American music and entertainment industry executive

Phylicia Fant is an American music and entertainment industry executive. She is the head of music industry partnerships at Amazon Music and former head of urban music at Columbia Records. She is also the founder and CEO of The Purple Agency, a public relations and marketing agency. She also a produced the 2021 documentary film, Eggs Over Easy: Black Women & Fertility.

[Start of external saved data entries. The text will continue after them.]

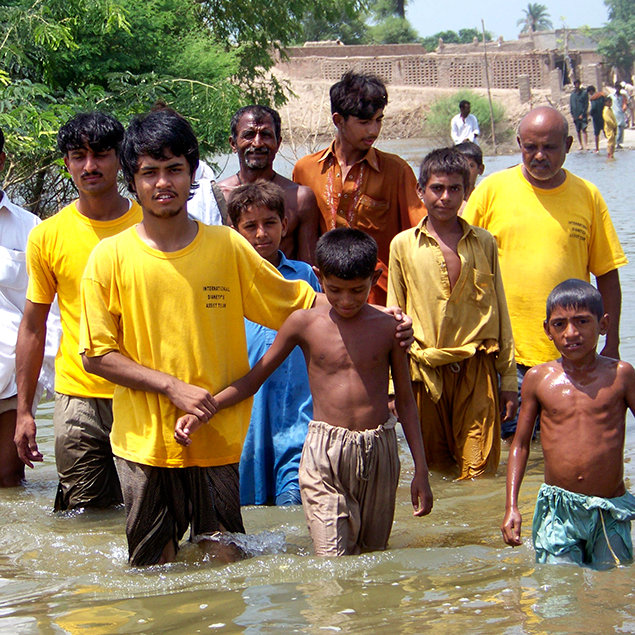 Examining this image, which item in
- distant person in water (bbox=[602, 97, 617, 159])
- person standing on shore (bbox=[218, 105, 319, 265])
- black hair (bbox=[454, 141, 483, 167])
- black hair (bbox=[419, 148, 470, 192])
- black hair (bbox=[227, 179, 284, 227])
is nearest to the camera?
black hair (bbox=[227, 179, 284, 227])

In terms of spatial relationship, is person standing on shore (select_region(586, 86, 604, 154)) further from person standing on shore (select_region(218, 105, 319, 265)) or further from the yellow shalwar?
the yellow shalwar

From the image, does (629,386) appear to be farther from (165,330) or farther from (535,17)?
(535,17)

==Early life and education==
Phylicia Fant is a native of Marietta, Georgia and a 2000 graduate of Spelman College. While attending Spelman, she interned for CNN (among other employers).

==Career==
Fant started her career as a temp in the New York offices of the Universal Music Group (UMG). She later submitted her resume to the label's PR department and earned a job there. She held various roles at UMG, ultimately working her way up to vice president of media relations for Universal Motown Records in 2010. In her time there, she worked on publicity campaigns for a number of artists, including Erykah Badu, Amy Winehouse, Kid Cudi, and JoJo. While at Universal in 2008, Fant founded and became the CEO of her own public relations firm, The Purple Agency, which specializes in publicity, events, and lifestyle-marketing. Her work with the agency has included partnerships with a range of artists and businesses, including Daniel Casesar, Swizz Beatz, Luis Fonsi, Coca-Cola, and HBO.

Fant left Universal in 2011 to join the Warner Music Group as the vice president of publicity and lifestyle at Warner Bros. Records. She was promoted to senior vice president of publicity and lifestyle at the label in 2017. Over the course of her time at Warner, she oversaw global PR campaigns for acts like Prince, Gary Clark Jr., Bebe Rexha, and Drake's OVO Sound label (among others). By the time of her departure in 2018, she was the senior vice president of publicity and special projects.

In December 2018, Fant was named the co-head of urban music at Columbia Records alongside Shawn Holliday. In that role, Fant was tasked with leading campaigns for a roster of established artists including Beyoncé, Solange, and Leon Bridges and helping develop a number of new acts like Polo G, Chloe x Halle, and Lil Nas X. She left Columbia Records in 2022.

She was named to Billboard's Women in Music list in both 2019 and 2020. She was also honored at the 2021 ASCAP Women Behind the Music Event.

In addition to her music and PR work, Fant is also a producer on the 2021 documentary film, Eggs Over Easy: Black Women & Fertility. She was also named head of music industry partnerships at Amazon Music in March 2022.